Intelligent Automation & Soft Computing 2023, 37(3), 2567-2582. https://doi.org/10.32604/iasc.2023.035497

Received 23 August 2022; Accepted 13 January 2023; Issue published 11 September 2023

Abstract

Sign language is used as a communication medium in the field of trade, defence, and in deaf-mute communities worldwide. Over the last few decades, research in the domain of translation of sign language has grown and become more challenging. This necessitates the development of a Sign Language Translation System (SLTS) to provide effective communication in different research domains. In this paper, novel Hybrid Adaptive Gaussian Thresholding with Otsu Algorithm (Hybrid-AO) for image segmentation is proposed for the translation of alphabet-level Indian Sign Language (ISLTS) with a 5-layer Convolution Neural Network (CNN). The focus of this paper is to analyze various image segmentation (Canny Edge Detection, Simple Thresholding, and Hybrid-AO), pooling approaches (Max, Average, and Global Average Pooling), and activation functions (ReLU, Leaky ReLU, and ELU). 5-layer CNN with Max pooling, Leaky ReLU activation function, and Hybrid-AO (5MXLR-HAO) have outperformed other frameworks. An open-access dataset of ISL alphabets with approx. 31 K images of 26 classes have been used to train and test the model. The proposed framework has been developed for translating alphabet-level Indian Sign Language into text. The proposed framework attains 98.95% training accuracy, 98.05% validation accuracy, and 0.0721 training loss and 0.1021 validation loss and the performance of the proposed system outperforms other existing systems.

Keywords

Sign language translation; CNN; thresholding; Indian sign language

1 Introduction

In today’s era, specially-abled people are critiqued on the scale of their impairment. Deaf people have difficulty integrating into society due to their communication challenges. Sign language is used as a means of communication by deaf people around the globe apart from its application in various other fields such as defence, trade, sea-diving, etc. Communication with deaf people is hindered majorly by non-deaf people’s inability to understand sign language gestures. The syntax and semantics of sign languages vary from one region to another. There are numerous sign languages used across the world for approximately 70 million deaf people, for instance, Indian Sign Language (ISL), American Sign Language (ASL), Chinese Sign Language (CSL), Japanese Sign Language (JSL), Italian Sign Language, Malaysian Sign Language, etc. ISL is used to communicate with deaf persons in India in addition to other regional sign languages. The building blocks of ISL are 26 alphabets (A–Z), 10 numbers (0–9), and 10,000 words [1].

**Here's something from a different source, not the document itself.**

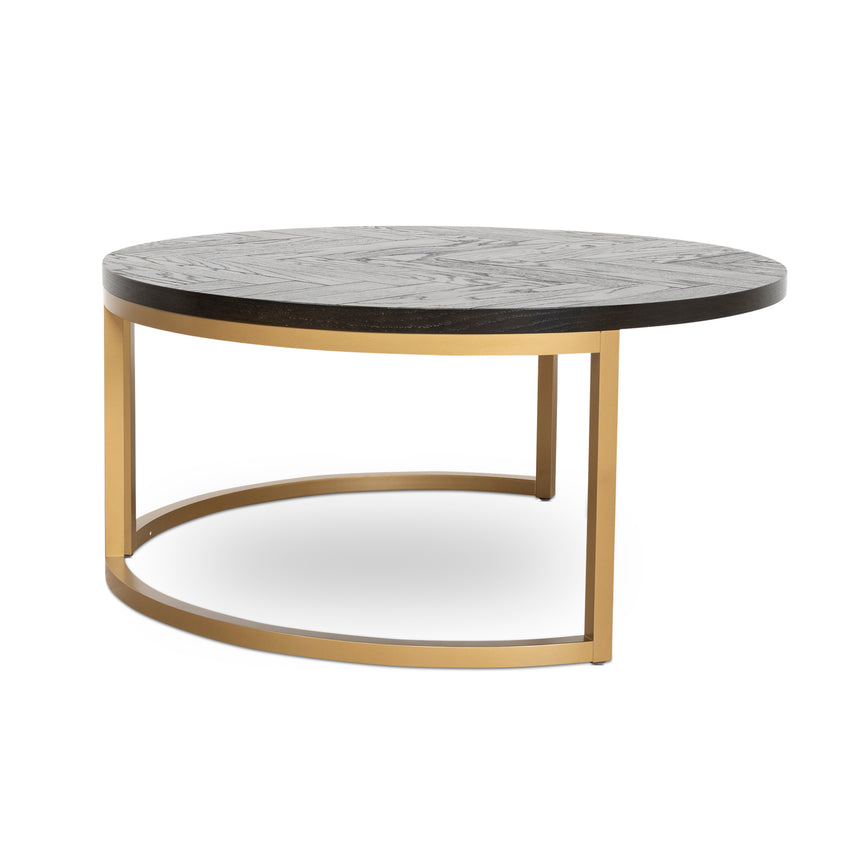 Nested Coffee Table - Peppercorn and Brass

Due to a huge gap in the vocabulary of the English language and the Indian Sign language, the fingerspelling approach came into existence. This method creates each locution letter by letter via distinct gestures for sign language letters. The gestures of ISL can be classified based on the number of hands, movement of hands, features taken into consideration, and the way they are recognized (Static/Dynamic) [2]. As a consequence of technological innovation, there is a need to craft a sign language processing framework to facilitate deaf people. Currently, three types of systems are available for processing Sign language. Firstly, Sign Language Generation System (SLGS), decodes given text into apt gestures of sign language. Secondly, Sign Language Validation System (SLVS), verifies the legitimacy of a given sign language pose. Finally, Sign Language Translation System (SLTS), construes given sign language pose to typescript. SLTS employs two approaches -Hardware-based SLTS uses gloves (smart glove, data glove, and cyber glove), and sensors (LMC, ACC, EMG) [3].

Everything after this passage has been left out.